*EXERCISE PROMPT:*
Look for the word "webcam" in the entries and copy each line where it appears.

*RECORDS FOR THE EXERCISE:*
====
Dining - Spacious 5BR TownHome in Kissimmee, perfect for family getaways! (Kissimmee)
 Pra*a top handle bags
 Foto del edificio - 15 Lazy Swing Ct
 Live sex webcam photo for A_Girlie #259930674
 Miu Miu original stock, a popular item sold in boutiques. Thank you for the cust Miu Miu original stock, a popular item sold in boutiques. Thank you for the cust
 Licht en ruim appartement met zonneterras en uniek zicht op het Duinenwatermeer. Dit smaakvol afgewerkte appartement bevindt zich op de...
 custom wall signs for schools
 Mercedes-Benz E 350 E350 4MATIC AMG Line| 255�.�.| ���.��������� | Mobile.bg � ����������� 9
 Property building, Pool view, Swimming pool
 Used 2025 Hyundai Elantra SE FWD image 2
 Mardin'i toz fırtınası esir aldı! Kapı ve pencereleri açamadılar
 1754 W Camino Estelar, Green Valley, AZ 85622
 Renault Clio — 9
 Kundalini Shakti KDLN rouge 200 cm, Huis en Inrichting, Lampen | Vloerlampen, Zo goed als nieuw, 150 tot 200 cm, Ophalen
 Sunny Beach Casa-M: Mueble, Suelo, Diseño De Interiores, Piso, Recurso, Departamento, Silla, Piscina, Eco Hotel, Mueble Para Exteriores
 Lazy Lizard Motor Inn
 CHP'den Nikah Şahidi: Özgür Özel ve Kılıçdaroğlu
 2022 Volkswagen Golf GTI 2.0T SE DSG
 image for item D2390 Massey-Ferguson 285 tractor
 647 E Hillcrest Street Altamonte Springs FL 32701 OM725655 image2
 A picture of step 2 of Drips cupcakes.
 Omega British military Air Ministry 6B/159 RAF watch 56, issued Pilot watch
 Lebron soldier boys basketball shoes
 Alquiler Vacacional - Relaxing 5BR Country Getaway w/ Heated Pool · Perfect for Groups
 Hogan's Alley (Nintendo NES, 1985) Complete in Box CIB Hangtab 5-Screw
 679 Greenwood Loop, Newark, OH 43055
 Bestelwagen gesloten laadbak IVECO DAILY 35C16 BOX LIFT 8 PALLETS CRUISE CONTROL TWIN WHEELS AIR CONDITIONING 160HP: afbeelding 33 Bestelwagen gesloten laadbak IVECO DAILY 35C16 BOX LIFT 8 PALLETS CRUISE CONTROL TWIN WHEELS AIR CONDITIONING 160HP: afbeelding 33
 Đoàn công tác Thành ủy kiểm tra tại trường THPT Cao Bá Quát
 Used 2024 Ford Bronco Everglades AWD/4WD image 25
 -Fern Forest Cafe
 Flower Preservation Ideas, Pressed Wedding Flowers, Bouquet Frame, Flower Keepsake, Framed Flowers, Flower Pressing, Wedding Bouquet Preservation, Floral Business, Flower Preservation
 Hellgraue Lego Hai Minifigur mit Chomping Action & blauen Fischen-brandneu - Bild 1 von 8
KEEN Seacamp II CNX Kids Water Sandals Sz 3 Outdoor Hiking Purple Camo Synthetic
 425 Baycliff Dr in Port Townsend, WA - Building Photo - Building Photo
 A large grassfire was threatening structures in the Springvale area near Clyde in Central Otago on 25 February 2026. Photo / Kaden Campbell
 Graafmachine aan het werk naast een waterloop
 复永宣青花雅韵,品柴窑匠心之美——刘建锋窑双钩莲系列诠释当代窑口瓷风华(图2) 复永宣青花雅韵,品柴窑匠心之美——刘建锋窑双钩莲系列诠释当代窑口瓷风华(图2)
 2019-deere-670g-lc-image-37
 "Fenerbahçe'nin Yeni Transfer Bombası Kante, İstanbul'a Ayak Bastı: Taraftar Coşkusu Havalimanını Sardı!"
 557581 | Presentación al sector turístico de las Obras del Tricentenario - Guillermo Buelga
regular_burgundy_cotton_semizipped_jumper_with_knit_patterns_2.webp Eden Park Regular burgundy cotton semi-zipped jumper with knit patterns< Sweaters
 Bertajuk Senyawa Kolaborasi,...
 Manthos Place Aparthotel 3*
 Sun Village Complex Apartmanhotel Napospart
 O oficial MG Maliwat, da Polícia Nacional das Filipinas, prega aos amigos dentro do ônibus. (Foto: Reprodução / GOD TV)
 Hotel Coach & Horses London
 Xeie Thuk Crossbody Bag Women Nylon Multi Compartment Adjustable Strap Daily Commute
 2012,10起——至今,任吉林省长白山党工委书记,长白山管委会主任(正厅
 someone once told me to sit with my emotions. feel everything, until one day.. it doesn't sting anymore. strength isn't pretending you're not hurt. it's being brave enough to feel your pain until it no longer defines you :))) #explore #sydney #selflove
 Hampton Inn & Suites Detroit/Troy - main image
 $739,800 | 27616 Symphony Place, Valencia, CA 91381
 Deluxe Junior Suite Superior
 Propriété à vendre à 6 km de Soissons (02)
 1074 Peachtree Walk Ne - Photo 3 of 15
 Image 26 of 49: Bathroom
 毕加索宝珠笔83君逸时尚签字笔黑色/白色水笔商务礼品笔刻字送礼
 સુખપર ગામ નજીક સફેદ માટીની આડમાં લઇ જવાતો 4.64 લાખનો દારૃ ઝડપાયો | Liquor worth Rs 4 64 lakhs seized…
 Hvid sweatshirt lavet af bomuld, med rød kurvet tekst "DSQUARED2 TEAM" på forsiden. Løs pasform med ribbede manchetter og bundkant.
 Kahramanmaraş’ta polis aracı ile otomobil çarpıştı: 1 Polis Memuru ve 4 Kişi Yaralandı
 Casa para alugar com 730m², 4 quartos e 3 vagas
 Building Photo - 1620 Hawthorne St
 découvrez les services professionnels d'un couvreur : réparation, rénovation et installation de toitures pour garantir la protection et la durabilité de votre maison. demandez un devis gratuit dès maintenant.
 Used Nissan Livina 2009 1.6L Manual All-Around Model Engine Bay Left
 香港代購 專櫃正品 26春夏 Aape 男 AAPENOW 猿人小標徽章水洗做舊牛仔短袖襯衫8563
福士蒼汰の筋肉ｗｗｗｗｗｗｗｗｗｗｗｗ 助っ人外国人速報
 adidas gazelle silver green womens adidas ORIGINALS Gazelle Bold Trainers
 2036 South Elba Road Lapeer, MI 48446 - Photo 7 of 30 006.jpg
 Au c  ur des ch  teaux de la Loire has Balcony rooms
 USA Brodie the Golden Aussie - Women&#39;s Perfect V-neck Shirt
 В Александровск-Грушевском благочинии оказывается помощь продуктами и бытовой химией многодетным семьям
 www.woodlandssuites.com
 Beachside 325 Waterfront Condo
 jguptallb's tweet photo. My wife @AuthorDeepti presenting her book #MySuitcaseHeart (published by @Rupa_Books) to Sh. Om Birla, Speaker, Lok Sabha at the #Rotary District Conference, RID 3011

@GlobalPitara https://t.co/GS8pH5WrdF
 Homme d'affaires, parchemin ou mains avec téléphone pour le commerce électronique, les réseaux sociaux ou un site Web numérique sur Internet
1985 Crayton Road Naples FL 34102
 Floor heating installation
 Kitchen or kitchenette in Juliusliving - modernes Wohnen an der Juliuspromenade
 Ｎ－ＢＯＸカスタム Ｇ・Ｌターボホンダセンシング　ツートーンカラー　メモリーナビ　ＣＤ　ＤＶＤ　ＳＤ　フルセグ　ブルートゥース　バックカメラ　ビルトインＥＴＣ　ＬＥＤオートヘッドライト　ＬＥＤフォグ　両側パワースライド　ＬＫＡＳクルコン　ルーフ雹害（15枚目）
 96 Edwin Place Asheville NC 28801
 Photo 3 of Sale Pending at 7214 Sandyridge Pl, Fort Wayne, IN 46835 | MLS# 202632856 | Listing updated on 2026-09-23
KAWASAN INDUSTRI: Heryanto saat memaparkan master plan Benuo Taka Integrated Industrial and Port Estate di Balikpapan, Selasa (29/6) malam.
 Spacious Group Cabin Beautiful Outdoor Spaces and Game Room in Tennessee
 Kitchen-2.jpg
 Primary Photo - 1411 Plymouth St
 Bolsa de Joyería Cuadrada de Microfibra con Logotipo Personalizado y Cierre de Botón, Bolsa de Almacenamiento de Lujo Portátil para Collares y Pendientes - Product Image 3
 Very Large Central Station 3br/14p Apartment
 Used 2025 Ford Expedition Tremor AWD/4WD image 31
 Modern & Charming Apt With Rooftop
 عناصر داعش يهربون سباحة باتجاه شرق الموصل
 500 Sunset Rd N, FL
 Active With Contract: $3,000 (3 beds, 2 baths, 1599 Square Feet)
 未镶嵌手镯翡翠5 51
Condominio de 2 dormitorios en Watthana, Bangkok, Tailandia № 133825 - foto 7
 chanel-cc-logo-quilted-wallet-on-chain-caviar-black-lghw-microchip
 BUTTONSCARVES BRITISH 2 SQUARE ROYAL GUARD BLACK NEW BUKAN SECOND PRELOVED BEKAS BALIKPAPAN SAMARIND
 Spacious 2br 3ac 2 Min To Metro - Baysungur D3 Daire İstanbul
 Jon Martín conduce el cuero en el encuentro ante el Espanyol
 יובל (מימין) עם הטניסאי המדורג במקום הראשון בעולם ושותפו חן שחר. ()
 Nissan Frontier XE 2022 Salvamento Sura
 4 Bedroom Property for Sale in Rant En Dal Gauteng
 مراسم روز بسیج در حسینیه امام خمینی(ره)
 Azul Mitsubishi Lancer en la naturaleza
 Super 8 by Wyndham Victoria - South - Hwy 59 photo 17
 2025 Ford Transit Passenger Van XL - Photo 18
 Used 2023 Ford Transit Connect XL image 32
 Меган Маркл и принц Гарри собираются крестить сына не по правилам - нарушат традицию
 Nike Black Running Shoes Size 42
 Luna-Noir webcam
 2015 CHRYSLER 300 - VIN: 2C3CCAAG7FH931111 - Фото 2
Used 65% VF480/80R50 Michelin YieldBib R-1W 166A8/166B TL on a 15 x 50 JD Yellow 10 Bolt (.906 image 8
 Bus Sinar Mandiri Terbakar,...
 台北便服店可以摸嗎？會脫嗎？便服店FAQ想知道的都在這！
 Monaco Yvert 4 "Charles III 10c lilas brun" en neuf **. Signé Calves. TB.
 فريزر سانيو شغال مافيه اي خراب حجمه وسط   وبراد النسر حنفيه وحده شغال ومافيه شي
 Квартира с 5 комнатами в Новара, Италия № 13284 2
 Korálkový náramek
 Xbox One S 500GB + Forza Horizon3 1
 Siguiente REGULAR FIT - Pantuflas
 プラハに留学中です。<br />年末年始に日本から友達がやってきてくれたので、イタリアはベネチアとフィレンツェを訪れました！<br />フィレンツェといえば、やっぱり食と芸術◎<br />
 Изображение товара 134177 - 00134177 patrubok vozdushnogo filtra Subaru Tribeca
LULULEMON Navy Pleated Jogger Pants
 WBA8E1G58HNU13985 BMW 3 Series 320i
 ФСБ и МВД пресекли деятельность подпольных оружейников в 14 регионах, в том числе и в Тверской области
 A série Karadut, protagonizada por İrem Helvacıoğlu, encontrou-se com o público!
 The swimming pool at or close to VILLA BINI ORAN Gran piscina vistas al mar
====
*WRITTEN SOLUTION:*
 Live sex webcam photo for A_Girlie #259930674
 Luna-Noir webcam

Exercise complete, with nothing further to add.